You’re probably wondering at this point if the action is any good. The word “ninja” is in the title so we should see some pretty amazing martial arts sequences. That fight in the trailer between Bebop, Rocksteady and the turtles looked like it had potential, right? Wrong. There aren’t so much fight scenes as there are set pieces so we don’t really get to see any good fighting. I could hear Michael Bay tapping his foot impatiently, demanding the turtles to go skydiving or white water river rafting or punching sharks.
Let’s go back to that word “ninja” for a second. Aside from the implicit promise of some good martial arts scenes, there is also the more stealthy aspects of it to play with. Surely such an important aspect of the ninja way won’t be neglec- One scene. That’s all it gets. And I would almost be fine with that if they actually played it quiet. No. They blast music over the scene because God forbid the audience has a moment to experience what it’s like to be these characters or to be ninjas. They’d develop emotional connections to them and actually become interested in their lives. Damnation lies at the end of that road. So does good film making but who the fuck wants that?
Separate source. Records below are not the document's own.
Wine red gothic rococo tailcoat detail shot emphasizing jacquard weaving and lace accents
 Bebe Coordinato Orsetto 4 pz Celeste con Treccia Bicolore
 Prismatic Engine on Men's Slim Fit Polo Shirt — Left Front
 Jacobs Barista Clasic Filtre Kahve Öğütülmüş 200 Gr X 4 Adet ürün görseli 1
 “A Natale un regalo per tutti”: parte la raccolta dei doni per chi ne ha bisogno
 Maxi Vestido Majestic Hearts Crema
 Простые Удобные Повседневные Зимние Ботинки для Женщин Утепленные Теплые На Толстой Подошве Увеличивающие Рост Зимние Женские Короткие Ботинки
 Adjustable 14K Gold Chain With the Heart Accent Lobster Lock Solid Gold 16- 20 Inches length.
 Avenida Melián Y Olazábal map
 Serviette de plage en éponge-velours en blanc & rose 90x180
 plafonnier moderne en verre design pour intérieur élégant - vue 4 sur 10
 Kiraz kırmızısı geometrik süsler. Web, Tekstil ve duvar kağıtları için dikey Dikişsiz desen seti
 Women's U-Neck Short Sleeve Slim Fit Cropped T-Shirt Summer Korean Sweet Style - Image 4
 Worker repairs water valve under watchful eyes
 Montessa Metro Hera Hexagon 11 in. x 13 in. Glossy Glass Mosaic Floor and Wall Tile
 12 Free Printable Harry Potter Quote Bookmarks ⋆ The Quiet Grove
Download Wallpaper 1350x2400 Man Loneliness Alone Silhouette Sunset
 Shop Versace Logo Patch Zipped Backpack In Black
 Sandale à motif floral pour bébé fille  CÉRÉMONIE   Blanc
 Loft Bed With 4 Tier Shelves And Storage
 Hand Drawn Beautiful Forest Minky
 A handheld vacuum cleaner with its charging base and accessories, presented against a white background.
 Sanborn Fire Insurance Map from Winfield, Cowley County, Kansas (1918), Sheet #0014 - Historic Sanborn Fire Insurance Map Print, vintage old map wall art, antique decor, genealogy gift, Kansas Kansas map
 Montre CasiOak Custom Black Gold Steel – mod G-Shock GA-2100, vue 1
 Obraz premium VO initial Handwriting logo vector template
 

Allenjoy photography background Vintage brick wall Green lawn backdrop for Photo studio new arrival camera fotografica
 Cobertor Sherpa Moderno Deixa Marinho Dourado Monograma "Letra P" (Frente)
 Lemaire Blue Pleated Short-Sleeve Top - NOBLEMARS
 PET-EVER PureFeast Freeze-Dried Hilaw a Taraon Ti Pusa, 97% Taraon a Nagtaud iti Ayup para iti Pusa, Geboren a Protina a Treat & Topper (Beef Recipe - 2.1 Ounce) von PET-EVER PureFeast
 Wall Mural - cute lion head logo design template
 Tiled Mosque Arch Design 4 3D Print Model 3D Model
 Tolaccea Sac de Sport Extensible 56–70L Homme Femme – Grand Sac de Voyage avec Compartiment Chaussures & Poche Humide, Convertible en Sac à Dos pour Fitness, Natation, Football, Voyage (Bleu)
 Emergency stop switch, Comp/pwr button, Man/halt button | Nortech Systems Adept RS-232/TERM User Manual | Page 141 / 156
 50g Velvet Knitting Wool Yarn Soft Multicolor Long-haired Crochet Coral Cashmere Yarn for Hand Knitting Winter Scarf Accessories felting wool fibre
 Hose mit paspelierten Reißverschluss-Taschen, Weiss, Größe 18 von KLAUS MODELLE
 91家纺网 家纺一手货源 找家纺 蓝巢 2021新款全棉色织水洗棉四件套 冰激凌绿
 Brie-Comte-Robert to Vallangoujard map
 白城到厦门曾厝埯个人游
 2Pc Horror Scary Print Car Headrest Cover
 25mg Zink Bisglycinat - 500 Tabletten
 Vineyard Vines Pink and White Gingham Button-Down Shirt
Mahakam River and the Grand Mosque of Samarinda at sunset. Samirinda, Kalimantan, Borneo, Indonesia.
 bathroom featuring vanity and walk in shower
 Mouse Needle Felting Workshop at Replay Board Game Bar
In an effort to stop you thinking about all these terrible things, the director, David Green, makes sure the camera never stays still for more than a split second. The camera feels like it moves without thought because of it. There are few instances in this film where I thought there was any craft going on in the composition of the shots. Cinematography is the prose of film. It sets the scene and the conflict and should communicate to us on a visual level what is going on in the story. But like everything else in this film it is reduced to being functional. Some times it even fails at being functional with a lot of the action becoming incomprehensible. The erratic camera and cuts make this the cinematic equivalent of jangling keys to keep the baby quiet.
Basically, I didn’t care for it much.